Penetrating the “hardness of heart, meanness of spirit, and faithlessness around us” begins, he said, with “celebrating the Eucharist with devotion and love.”
“We never respond to works of evil with more of the same. We pray incessantly. We continue to do many hidden, quiet sacrifices each day of our lives with love, peace and joy,” he said. “We take our Baptism seriously and activate the Beatitudes in daily living. We must never give up in living God's Word and preaching it to others in words and deeds… and many times with quiet deeds and very few words.”
He also reminded people who go around with a long face to smile. He said when people complain to him about how bad things are, he said, “There’s a tomb in Jerusalem and it’s empty!”
People saying, ‘I’m taking on the government,’ or “I’m going to change the Church,’ is a “recipe for hospitalization,” he said.
He described a saint as a “friend of God who takes the beatitudes seriously in his or her life.” Becoming a saint is “the task of every Christian.”
“Here and now, we can find holiness in our personal experience of putting forth our best efforts in the work place, patiently raising our children, and building good relationships at home, at school and at work,” he said. “If we make all of these things a part of our loving response to God, we are on the path of holiness. This need for good examples is also important in the area of Christian living.”
Father Rosica outlined the lives of several saints: Saint Brother Andre of Montreal whose his humble service to the poor, prayers for the sick and love for St. Joseph inspired so many; Blessed John Henry Cardinal Newman, a brilliant English theologian who cultivated close friendships as “the best preparation for loving the world at large;” Blessed Franz Jägerstätter, an Austrian who was martyred for refusing to serve in the Nazi military; Saint Gianna Molla, an Italian pediatrician who led an “extraordinary life of virtue and holiness, selflessness and quiet joy” that culminated in her decision to give her life to save the life of her unborn baby daughter; and Dorothy Day, founder of the Catholic Worker movement, who lived the “radicalism of Christian love” in establishing houses of hospitality to feed the hungry, clothe the naked, care for the sick, and bury the dead.
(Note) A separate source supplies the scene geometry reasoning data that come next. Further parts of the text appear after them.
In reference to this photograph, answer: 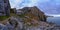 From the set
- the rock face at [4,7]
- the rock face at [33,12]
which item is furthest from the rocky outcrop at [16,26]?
the rock face at [4,7]

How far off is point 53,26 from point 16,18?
17.2ft

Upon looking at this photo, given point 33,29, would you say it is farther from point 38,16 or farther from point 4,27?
point 38,16

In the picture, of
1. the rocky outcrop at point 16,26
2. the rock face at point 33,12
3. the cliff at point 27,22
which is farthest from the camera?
the rock face at point 33,12

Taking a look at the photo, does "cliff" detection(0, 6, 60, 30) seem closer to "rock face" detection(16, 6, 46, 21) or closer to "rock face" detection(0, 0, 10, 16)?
"rock face" detection(16, 6, 46, 21)

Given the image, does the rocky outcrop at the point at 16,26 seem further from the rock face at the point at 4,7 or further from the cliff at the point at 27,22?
the rock face at the point at 4,7

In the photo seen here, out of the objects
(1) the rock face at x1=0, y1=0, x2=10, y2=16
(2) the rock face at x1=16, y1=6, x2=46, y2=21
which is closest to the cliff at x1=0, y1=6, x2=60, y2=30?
(2) the rock face at x1=16, y1=6, x2=46, y2=21

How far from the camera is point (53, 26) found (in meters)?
24.0

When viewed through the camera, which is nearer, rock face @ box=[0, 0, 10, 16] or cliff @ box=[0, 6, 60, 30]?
cliff @ box=[0, 6, 60, 30]

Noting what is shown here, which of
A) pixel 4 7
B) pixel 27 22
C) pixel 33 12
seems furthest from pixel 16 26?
pixel 33 12

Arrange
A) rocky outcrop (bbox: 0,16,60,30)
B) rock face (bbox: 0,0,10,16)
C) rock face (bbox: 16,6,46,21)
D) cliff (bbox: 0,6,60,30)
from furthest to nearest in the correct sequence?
rock face (bbox: 16,6,46,21)
rock face (bbox: 0,0,10,16)
cliff (bbox: 0,6,60,30)
rocky outcrop (bbox: 0,16,60,30)

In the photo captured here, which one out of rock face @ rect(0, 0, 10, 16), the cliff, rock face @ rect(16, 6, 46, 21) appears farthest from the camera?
rock face @ rect(16, 6, 46, 21)

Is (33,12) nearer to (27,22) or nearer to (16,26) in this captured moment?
(27,22)

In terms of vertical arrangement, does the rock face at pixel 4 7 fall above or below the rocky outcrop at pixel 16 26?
above

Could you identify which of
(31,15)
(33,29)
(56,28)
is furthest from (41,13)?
(33,29) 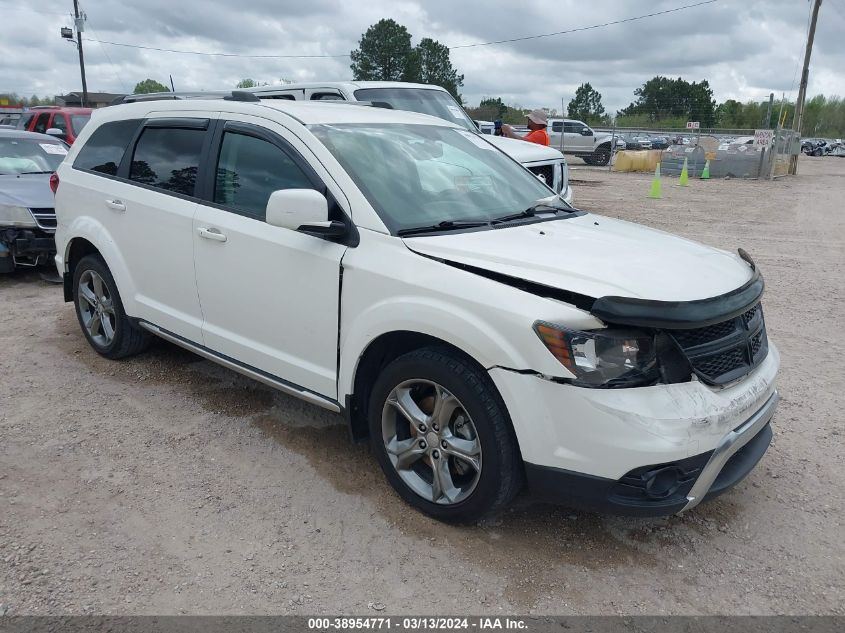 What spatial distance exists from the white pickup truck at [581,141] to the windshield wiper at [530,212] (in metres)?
30.6

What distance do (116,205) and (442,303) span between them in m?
2.82

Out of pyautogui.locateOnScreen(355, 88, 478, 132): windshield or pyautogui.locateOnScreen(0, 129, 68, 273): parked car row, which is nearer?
pyautogui.locateOnScreen(0, 129, 68, 273): parked car row

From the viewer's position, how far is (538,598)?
9.04 feet

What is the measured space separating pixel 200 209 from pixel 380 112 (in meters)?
1.25

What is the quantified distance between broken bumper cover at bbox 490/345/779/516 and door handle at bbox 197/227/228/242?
191 cm

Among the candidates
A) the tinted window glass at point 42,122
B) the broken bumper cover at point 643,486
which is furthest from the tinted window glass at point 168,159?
the tinted window glass at point 42,122

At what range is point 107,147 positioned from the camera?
16.1 ft

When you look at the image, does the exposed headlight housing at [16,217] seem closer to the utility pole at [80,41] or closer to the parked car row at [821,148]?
the utility pole at [80,41]

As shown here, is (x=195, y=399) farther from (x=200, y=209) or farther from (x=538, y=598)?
(x=538, y=598)

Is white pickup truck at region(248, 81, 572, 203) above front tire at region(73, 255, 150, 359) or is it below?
above

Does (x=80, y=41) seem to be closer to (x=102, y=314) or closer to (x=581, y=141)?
(x=581, y=141)

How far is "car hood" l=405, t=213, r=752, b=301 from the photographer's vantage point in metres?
2.79

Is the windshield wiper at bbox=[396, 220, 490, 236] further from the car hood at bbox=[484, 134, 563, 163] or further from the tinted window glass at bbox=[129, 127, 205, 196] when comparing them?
the car hood at bbox=[484, 134, 563, 163]

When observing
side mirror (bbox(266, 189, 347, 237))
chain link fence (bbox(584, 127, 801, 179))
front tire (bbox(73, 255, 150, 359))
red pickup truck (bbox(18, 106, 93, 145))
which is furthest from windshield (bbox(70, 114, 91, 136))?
chain link fence (bbox(584, 127, 801, 179)) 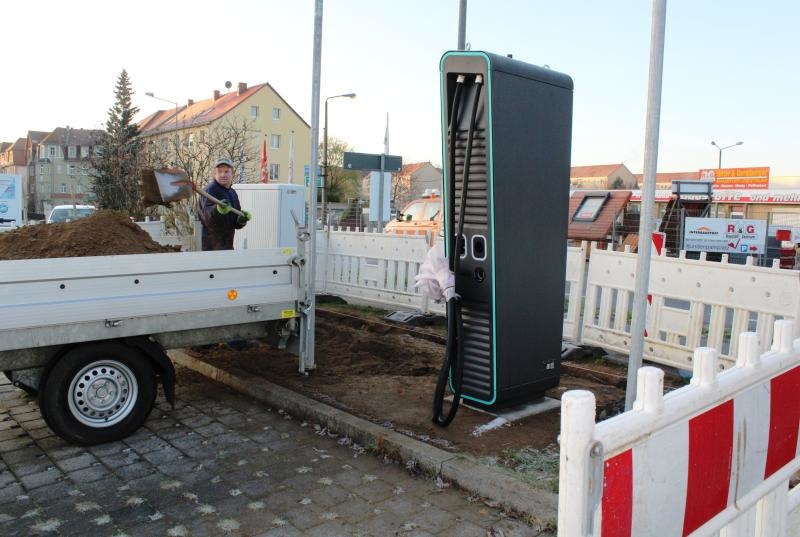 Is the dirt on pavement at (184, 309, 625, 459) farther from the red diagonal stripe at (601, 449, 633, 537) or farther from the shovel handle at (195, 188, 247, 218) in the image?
the red diagonal stripe at (601, 449, 633, 537)

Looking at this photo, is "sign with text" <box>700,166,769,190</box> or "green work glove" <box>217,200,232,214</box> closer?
"green work glove" <box>217,200,232,214</box>

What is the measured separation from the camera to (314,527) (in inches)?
141

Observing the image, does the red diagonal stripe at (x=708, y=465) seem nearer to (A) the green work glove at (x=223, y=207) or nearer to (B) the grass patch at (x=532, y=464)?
(B) the grass patch at (x=532, y=464)

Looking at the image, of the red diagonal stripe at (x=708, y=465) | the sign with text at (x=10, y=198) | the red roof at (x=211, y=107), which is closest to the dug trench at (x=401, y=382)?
the red diagonal stripe at (x=708, y=465)

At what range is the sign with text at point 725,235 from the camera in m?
19.4

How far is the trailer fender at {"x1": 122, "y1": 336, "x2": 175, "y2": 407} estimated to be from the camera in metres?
4.90

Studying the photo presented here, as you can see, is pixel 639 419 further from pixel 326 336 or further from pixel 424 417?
pixel 326 336

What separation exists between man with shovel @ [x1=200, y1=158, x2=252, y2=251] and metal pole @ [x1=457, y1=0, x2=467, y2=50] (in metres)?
2.97

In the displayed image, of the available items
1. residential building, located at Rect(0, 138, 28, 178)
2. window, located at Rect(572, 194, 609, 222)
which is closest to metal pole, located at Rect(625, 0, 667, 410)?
window, located at Rect(572, 194, 609, 222)

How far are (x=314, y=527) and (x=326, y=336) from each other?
4542 mm

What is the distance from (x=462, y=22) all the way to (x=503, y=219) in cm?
370

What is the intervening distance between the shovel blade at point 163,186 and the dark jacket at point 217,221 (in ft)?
1.79

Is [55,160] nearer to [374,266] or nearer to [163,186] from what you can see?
[374,266]

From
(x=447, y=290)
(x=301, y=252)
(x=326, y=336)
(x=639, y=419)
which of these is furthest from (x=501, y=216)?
(x=326, y=336) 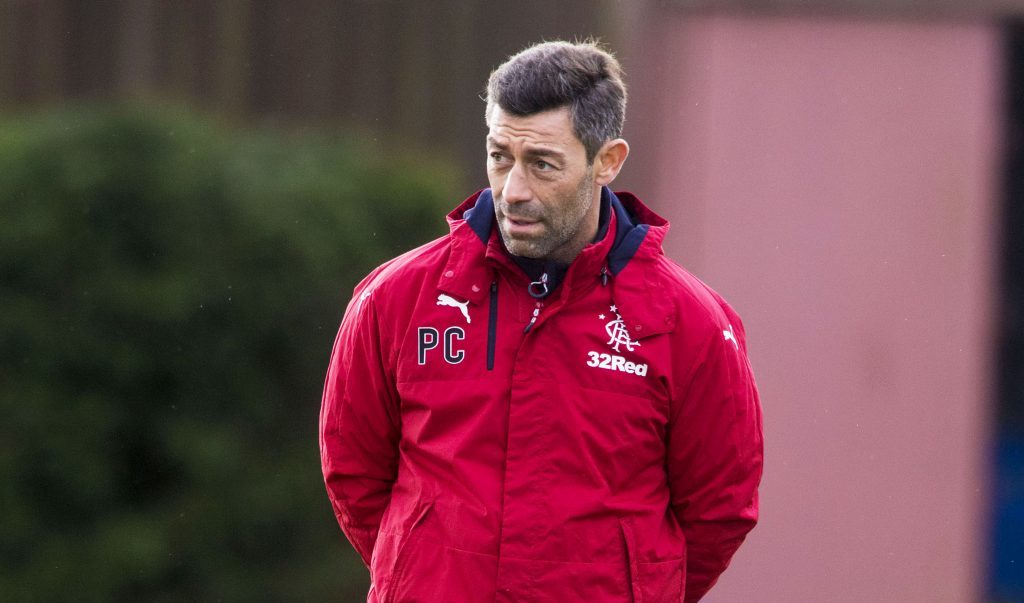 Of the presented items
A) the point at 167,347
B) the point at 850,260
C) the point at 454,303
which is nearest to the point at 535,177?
the point at 454,303

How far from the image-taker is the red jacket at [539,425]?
3012 millimetres

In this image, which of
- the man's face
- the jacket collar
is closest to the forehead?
the man's face

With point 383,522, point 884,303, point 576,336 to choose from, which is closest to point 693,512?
point 576,336

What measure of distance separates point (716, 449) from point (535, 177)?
2.37 feet

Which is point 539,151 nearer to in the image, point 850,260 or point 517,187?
point 517,187

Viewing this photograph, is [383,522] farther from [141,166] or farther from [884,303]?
[884,303]

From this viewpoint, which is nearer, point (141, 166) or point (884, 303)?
point (141, 166)

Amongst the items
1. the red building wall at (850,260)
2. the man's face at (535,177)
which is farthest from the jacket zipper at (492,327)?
the red building wall at (850,260)

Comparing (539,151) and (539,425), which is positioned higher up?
(539,151)

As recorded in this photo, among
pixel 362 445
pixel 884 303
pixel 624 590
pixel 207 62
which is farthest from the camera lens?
pixel 207 62

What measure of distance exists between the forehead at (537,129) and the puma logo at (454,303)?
0.36 metres

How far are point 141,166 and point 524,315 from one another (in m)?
3.05

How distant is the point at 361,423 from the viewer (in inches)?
127

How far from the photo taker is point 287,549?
629 cm
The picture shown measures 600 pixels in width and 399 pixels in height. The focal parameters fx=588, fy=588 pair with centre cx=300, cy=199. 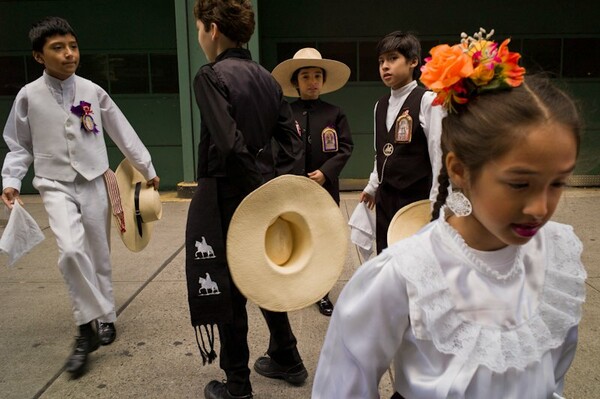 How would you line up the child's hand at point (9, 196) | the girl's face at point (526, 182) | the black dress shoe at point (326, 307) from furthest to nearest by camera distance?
1. the black dress shoe at point (326, 307)
2. the child's hand at point (9, 196)
3. the girl's face at point (526, 182)

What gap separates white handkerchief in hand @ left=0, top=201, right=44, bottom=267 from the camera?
3.42 m

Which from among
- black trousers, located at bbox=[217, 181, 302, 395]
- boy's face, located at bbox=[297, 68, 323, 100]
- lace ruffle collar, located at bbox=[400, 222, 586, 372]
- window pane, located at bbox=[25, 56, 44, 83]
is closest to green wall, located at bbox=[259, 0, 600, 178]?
window pane, located at bbox=[25, 56, 44, 83]

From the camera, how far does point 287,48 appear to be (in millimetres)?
9156

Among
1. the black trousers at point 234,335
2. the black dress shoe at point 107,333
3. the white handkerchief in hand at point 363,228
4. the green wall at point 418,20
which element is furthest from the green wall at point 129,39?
the black trousers at point 234,335

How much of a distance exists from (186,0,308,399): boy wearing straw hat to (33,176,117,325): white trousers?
1042 mm

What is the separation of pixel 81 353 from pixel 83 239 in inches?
25.5

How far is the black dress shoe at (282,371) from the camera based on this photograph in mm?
3043

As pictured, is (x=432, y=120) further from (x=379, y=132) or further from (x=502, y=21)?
(x=502, y=21)

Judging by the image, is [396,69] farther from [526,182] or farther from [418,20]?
[418,20]

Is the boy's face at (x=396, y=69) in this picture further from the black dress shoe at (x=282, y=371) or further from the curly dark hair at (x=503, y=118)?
the curly dark hair at (x=503, y=118)

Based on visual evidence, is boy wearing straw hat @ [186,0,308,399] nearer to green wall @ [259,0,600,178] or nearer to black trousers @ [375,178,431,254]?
black trousers @ [375,178,431,254]

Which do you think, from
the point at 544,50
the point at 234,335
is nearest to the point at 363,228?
the point at 234,335

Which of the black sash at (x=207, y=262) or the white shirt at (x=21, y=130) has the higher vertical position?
the white shirt at (x=21, y=130)

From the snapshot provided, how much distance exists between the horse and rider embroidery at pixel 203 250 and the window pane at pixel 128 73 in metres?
7.15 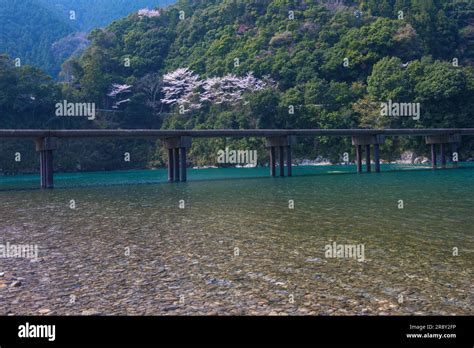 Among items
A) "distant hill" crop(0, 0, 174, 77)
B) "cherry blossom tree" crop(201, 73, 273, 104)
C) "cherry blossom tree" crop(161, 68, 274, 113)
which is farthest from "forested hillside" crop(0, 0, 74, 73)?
"cherry blossom tree" crop(201, 73, 273, 104)

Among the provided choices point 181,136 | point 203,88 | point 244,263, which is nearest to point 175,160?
point 181,136

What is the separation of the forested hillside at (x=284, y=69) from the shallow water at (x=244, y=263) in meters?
58.5

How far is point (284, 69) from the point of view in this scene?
3413 inches

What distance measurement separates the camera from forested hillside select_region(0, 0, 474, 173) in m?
76.0

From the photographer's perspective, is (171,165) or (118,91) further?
(118,91)

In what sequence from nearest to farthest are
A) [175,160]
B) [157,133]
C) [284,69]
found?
[157,133], [175,160], [284,69]

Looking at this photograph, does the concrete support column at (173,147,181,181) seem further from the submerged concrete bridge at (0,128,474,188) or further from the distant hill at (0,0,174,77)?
the distant hill at (0,0,174,77)

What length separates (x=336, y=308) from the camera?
7199mm

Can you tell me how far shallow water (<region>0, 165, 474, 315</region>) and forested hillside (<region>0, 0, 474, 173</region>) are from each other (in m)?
58.5

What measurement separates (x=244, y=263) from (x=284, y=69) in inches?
3140

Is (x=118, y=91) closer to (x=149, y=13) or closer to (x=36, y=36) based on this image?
(x=149, y=13)

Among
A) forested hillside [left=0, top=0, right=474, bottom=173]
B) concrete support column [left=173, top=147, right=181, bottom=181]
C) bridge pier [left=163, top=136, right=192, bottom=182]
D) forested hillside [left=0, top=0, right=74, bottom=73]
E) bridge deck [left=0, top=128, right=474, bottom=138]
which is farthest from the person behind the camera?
forested hillside [left=0, top=0, right=74, bottom=73]

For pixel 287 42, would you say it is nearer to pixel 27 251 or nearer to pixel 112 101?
pixel 112 101

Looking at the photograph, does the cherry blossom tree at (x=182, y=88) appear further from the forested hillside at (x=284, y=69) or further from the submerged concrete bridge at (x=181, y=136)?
the submerged concrete bridge at (x=181, y=136)
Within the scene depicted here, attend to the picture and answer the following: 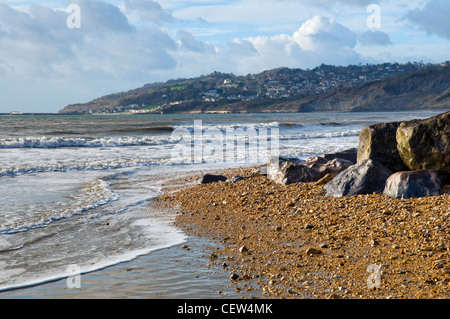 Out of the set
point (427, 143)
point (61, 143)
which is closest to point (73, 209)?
point (427, 143)

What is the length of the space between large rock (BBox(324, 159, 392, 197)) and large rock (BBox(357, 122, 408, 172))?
64 cm

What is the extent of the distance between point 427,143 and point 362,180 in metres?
1.28

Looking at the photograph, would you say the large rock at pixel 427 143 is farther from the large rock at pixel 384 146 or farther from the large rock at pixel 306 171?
the large rock at pixel 306 171

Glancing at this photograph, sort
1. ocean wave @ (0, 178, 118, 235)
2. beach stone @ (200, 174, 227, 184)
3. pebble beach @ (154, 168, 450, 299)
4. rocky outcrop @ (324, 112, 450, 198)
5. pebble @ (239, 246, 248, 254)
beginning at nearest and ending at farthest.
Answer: pebble beach @ (154, 168, 450, 299), pebble @ (239, 246, 248, 254), rocky outcrop @ (324, 112, 450, 198), ocean wave @ (0, 178, 118, 235), beach stone @ (200, 174, 227, 184)

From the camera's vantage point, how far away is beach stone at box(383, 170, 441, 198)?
6.60 m

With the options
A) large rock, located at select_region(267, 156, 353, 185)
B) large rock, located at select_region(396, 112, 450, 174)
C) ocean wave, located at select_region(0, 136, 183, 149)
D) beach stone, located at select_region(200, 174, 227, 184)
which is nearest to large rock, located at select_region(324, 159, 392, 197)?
large rock, located at select_region(396, 112, 450, 174)

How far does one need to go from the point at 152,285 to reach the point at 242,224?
2702mm

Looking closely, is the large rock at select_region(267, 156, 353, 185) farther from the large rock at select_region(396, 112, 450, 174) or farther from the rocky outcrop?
the large rock at select_region(396, 112, 450, 174)

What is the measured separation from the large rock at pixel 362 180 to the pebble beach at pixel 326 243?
264mm

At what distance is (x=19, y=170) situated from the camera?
14.0 meters

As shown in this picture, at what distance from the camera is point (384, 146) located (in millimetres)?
8180

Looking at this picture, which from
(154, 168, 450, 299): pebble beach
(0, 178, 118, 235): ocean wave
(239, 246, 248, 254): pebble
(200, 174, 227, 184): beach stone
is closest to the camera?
(154, 168, 450, 299): pebble beach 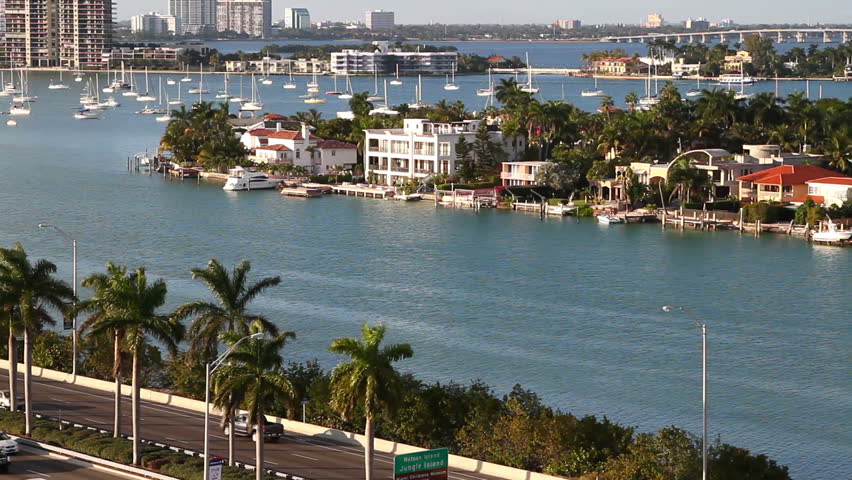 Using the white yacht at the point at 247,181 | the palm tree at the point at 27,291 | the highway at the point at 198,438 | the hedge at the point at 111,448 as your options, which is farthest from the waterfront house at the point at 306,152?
the hedge at the point at 111,448

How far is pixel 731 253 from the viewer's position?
235 feet

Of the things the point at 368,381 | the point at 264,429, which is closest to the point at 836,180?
the point at 264,429

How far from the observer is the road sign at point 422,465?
3075cm

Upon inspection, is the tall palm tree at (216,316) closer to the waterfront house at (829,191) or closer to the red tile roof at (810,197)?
the waterfront house at (829,191)

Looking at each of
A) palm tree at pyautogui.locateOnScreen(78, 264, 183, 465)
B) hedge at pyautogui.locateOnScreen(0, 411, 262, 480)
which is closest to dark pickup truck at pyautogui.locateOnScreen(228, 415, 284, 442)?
hedge at pyautogui.locateOnScreen(0, 411, 262, 480)

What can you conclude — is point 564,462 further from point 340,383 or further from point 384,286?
point 384,286

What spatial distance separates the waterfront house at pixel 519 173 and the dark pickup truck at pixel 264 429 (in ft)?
180

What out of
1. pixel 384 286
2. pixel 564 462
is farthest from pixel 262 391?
pixel 384 286

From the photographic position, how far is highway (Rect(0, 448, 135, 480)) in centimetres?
3394

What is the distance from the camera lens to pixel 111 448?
36.0 metres

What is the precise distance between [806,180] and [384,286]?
30.2 m

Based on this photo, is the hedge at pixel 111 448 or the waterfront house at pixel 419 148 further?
the waterfront house at pixel 419 148

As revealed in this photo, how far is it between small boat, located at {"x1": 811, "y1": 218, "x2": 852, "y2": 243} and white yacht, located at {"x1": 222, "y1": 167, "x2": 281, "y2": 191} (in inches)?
1525

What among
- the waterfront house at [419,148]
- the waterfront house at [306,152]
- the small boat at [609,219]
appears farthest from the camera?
the waterfront house at [306,152] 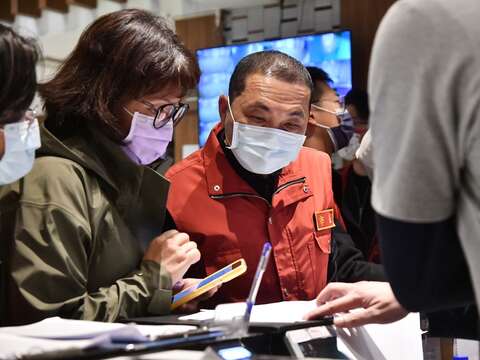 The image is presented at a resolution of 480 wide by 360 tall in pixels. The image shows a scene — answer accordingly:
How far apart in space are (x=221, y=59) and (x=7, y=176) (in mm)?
4088

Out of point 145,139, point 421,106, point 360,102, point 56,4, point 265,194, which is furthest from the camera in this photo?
point 56,4

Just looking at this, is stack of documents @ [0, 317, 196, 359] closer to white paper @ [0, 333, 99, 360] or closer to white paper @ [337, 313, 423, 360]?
white paper @ [0, 333, 99, 360]

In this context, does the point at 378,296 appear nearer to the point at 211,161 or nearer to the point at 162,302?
the point at 162,302

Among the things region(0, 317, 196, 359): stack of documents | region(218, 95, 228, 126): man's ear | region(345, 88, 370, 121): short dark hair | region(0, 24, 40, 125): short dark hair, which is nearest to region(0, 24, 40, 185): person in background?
region(0, 24, 40, 125): short dark hair

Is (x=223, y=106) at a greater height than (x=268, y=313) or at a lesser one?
greater

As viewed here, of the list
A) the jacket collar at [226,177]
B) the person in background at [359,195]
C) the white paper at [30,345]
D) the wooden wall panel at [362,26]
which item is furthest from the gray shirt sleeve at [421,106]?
the wooden wall panel at [362,26]

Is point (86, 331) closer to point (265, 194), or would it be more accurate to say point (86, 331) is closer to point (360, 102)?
point (265, 194)

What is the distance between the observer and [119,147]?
164cm

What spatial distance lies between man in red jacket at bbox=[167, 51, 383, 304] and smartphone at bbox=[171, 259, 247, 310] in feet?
0.75

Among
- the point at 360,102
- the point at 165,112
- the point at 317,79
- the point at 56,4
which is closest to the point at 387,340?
the point at 165,112

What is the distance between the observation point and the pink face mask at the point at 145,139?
1690mm

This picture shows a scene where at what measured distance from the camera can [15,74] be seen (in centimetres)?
122

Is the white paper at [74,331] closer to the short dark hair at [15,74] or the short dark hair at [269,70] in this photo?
the short dark hair at [15,74]

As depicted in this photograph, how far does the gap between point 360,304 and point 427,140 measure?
0.59 metres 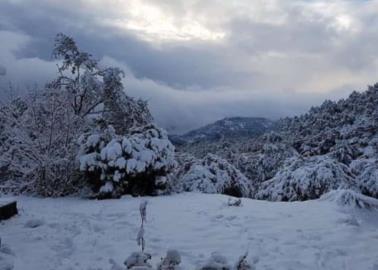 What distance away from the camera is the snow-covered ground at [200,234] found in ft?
20.8

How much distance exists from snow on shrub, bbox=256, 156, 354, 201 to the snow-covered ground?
A: 4010 millimetres

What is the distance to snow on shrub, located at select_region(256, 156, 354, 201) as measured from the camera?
539 inches

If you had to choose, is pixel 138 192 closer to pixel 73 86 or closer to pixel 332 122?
pixel 73 86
Father Rosica closed with a reflection on the life of Pope John Paul II and his recent beatification. He said the young people who chanted “Santo Subito” at the end of his funeral mass saw “someone who lived with God and lived with us.”
“He was a sinner who experienced God’s mercy and forgiveness. He was the prophetic teacher who went into the Ninevehs of our day and preached the word in season and out of season,” he said. “He looked at us, loved us, touched us, healed us and gave us hope.”
“He taught us not to be afraid. He showed us how to live, how to love, how to forgive and how to die,” he said. “He taught us how to embrace the cross in the most excruciating moments of life, knowing that the cross was not God’s final answer.”
“That a person is declared ‘Blessed’ is not a statement about perfection. It does mean that the person was without imperfection, blindness, deafness or sin,” he said. “Rather, it means that a person lived his or her life with God, relying totally on God’s infinite mercy, going forward with God’s strength and power, believing in the impossible, loving one’s enemies and persecutors, forgiving in the midst of evil and violence, hoping beyond all hope, and leaving the world a better place.”